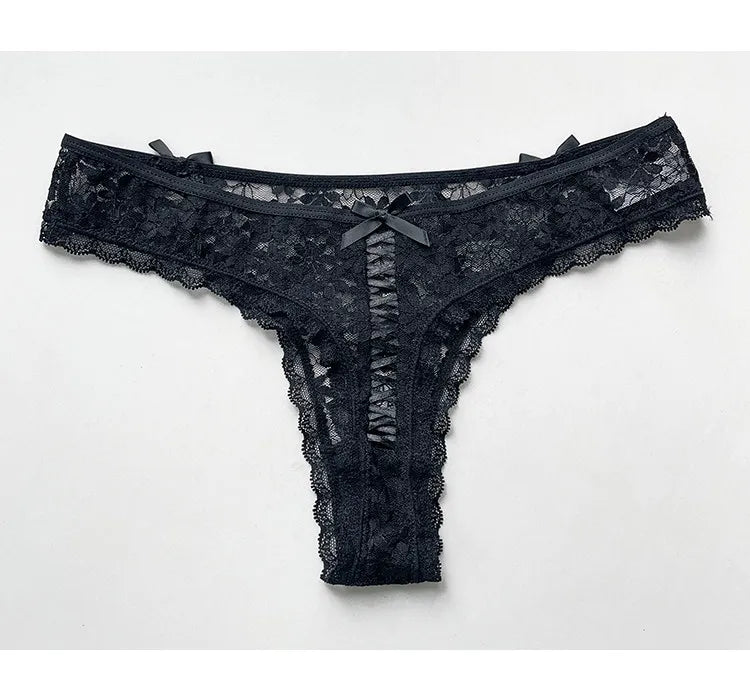 Lace G String Thin Sexy Girls Panties Seamless Women Briefs Thong Hollow Out Underwear Transparent Female Low Waist Lingerie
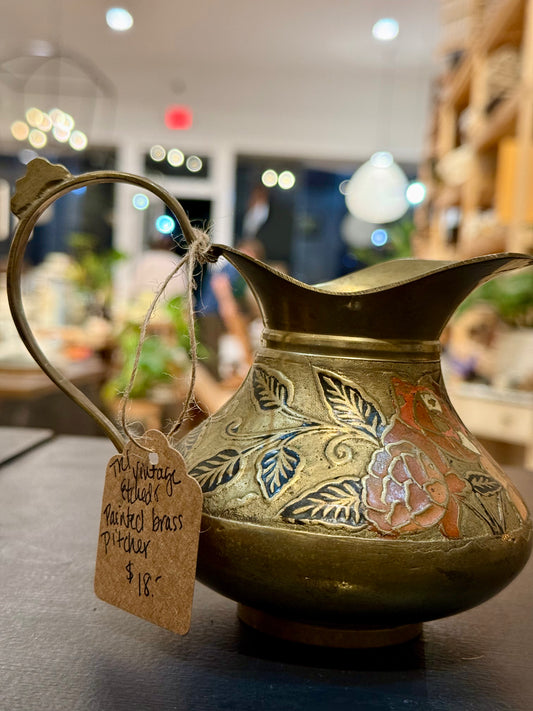 Vintage Etched Painted Brass Pitcher
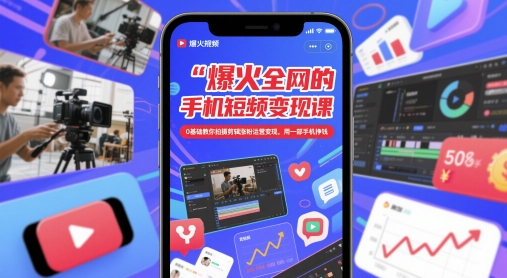 爆火全网的手机短视频变现课，0基础教你拍摄剪辑涨粉运营变现，用一部手机挣钱星浩好项目网-专注分享网络创业项目落地实操课程 – 全网首发_高质量创业项目输出星浩好项目网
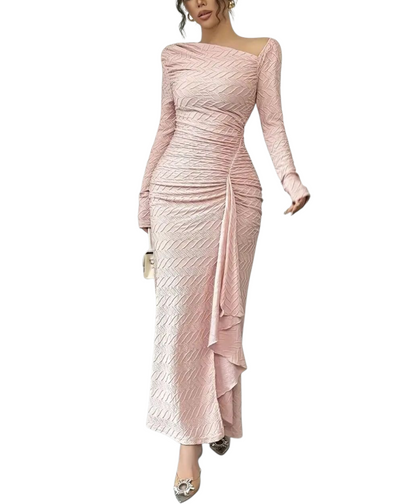 Elegant Asymmetrical Ruched Dress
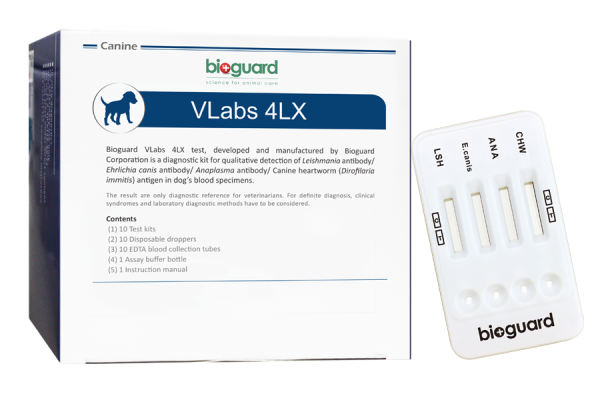 Bioguard Vlabs 4LX Leishmania, E.Canis, Anaplasma, Heartworm (Kalp Kurdu) Köpek Hızlı Test Kiti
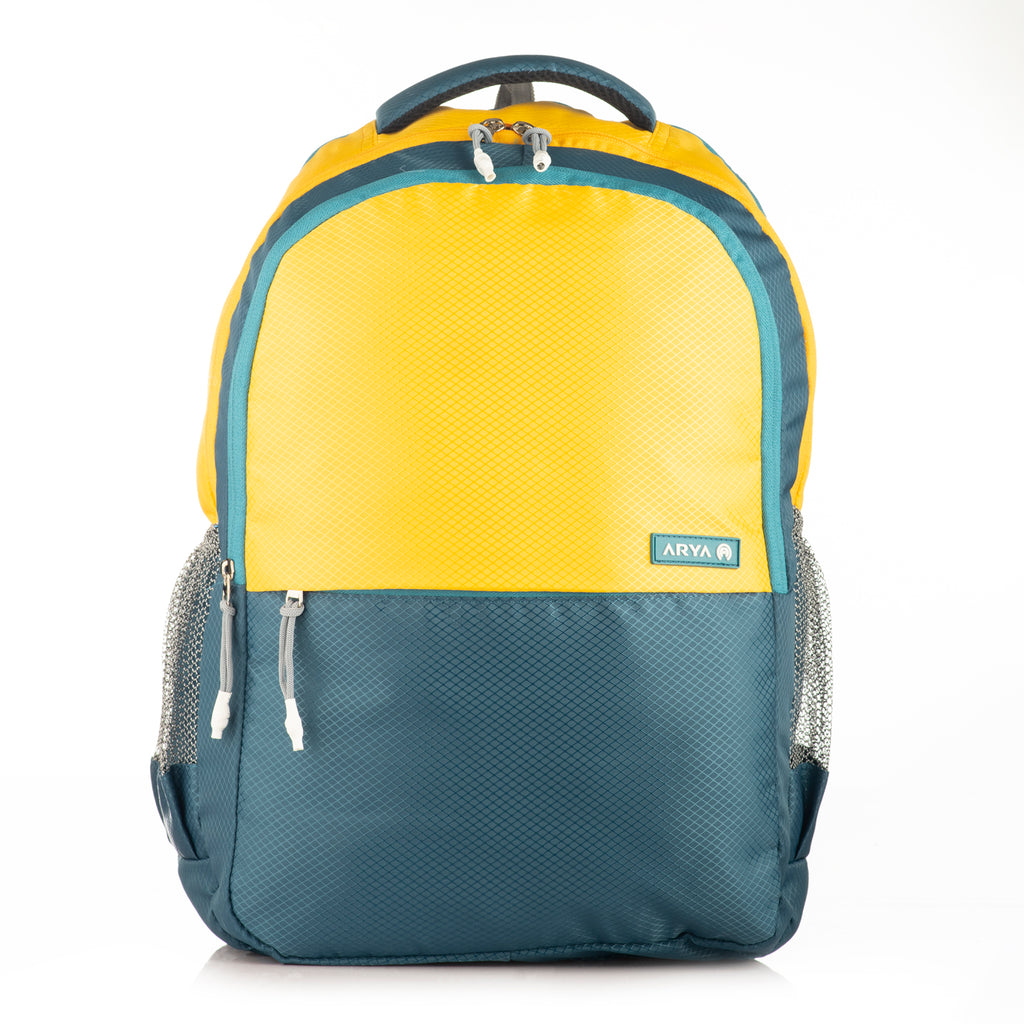 REGULAR BACK PACK DUO-19"(32 LTR) AQUA BLUE & YELLOW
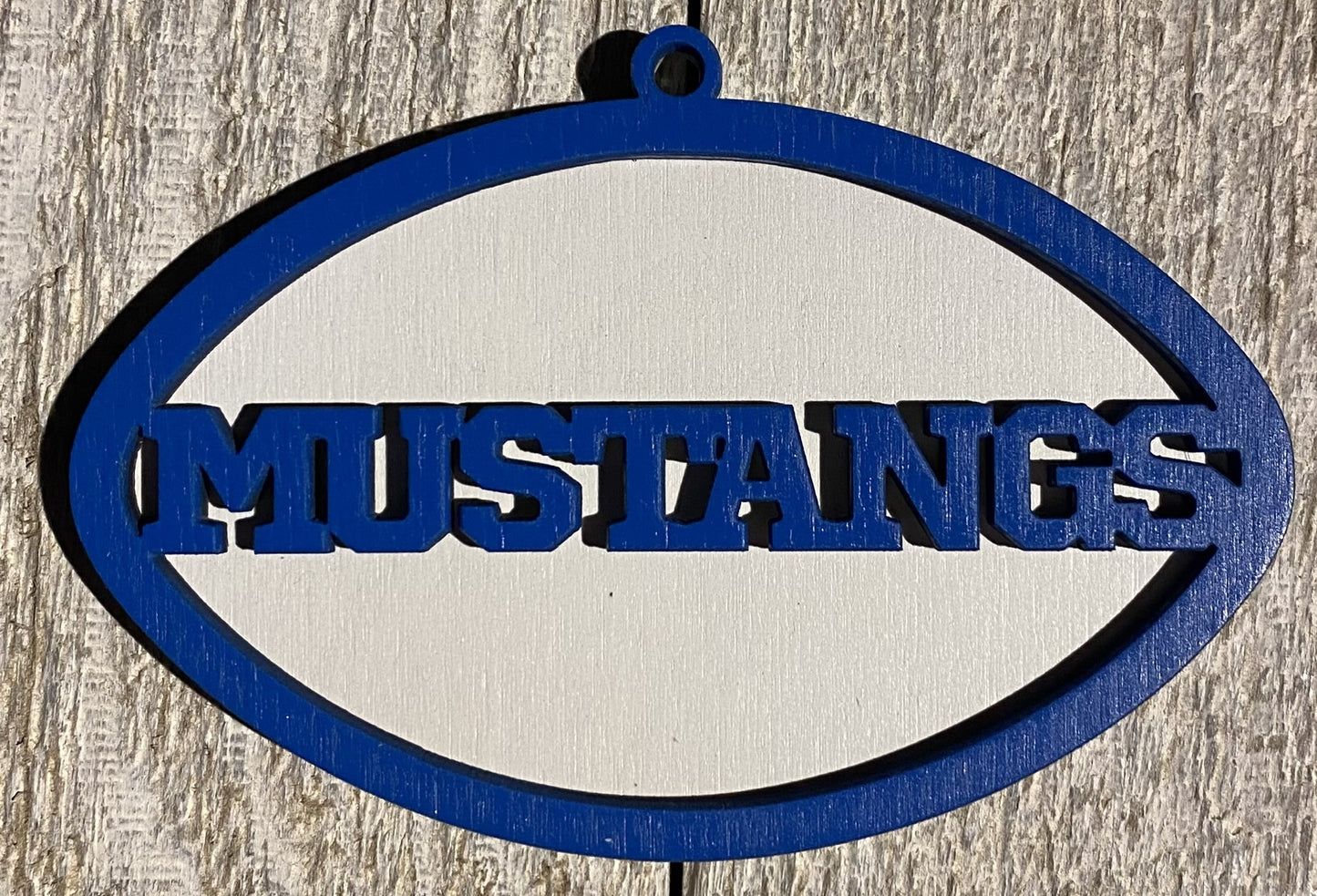 Mustangs Ornament - Blue over White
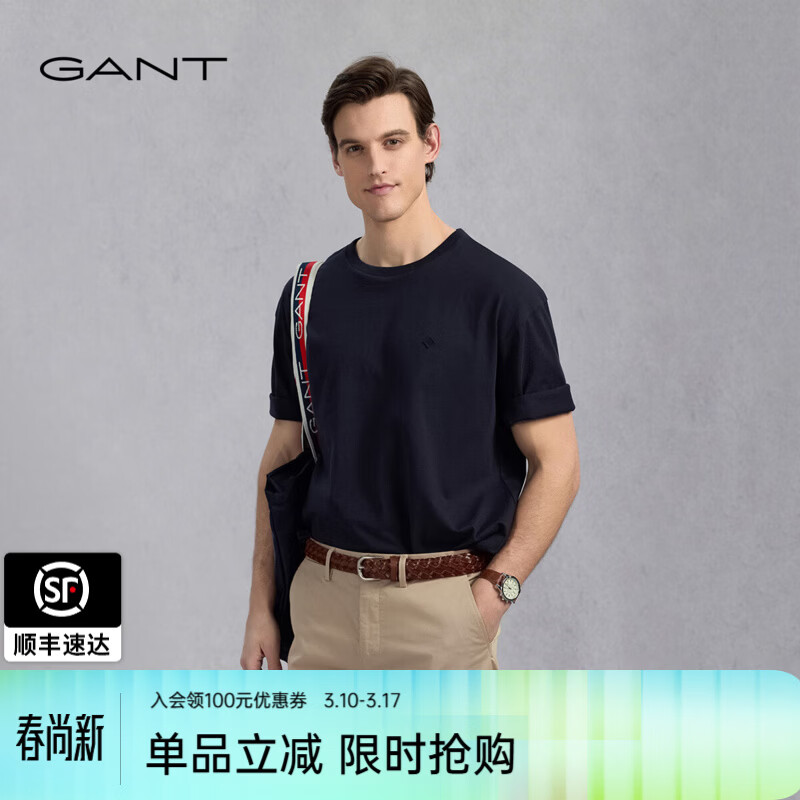 GANT/���ء�100%�ޡ�����ʿ������������Բ���Լ�ٴ�����ذ�T�� 433ҹ��ɫ L 295.6Ԫ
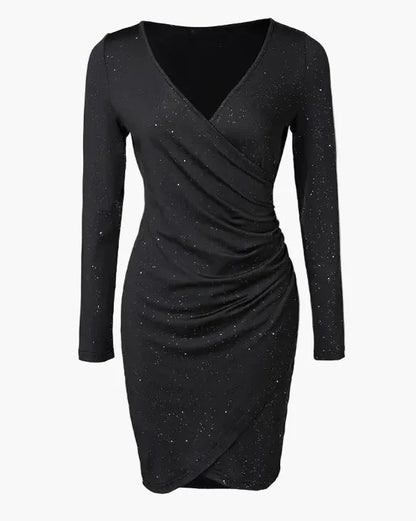 Damen Wickelkleid Elegante Partykleid mit Langarm und Galaxie-Print – Perfekt für Abendanlässe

• _Action item_: Pictures excluded, reproduce only the part above that opens with the line holding "Bioguard Vlabs 4LX" and closes with the line holding "GANT/���ء�100%�ޡ�����ʿ������������Բ���Լ�ٴ�����ذ�T�� 433ҹ��ɫ L", exactly as written.

• _Answer to this exercise_:
 Bioguard Vlabs 4LX Leishmania, E.Canis, Anaplasma, Heartworm (Kalp Kurdu) Köpek Hızlı Test Kiti
 REGULAR BACK PACK DUO-19"(32 LTR) AQUA BLUE & YELLOW
 Mustangs Ornament - Blue over White
 GANT/���ء�100%�ޡ�����ʿ������������Բ���Լ�ٴ�����ذ�T�� 433ҹ��ɫ L 295.6Ԫ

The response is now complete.